For each line of the data below that holds "flower", copy the line.

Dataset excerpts
____________________

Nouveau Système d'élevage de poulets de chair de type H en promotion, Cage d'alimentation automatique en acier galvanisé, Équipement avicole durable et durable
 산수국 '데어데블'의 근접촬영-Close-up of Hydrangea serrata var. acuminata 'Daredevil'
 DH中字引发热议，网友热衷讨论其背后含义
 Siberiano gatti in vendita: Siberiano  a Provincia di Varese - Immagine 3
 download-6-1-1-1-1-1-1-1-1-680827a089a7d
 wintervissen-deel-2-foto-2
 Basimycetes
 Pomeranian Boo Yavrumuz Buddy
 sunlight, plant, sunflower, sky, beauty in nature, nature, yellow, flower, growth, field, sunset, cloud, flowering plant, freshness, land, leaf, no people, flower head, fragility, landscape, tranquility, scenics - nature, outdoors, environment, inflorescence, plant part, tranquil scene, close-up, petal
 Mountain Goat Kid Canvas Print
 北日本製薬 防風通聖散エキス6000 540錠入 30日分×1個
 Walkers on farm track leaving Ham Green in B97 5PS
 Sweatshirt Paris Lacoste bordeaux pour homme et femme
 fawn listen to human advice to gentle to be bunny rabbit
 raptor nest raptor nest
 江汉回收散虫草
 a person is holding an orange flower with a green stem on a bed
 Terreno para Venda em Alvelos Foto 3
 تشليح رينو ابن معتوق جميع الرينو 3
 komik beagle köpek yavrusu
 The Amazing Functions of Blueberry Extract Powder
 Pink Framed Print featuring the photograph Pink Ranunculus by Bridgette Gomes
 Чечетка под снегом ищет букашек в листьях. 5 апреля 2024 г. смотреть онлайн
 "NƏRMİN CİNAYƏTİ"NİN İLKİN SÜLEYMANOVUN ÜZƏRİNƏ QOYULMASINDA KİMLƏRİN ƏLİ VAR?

____________________

SOLUTION FOR THIS PROBLEM =>
 sunlight, plant, sunflower, sky, beauty in nature, nature, yellow, flower, growth, field, sunset, cloud, flowering plant, freshness, land, leaf, no people, flower head, fragility, landscape, tranquility, scenics - nature, outdoors, environment, inflorescence, plant part, tranquil scene, close-up, petal
 a person is holding an orange flower with a green stem on a bed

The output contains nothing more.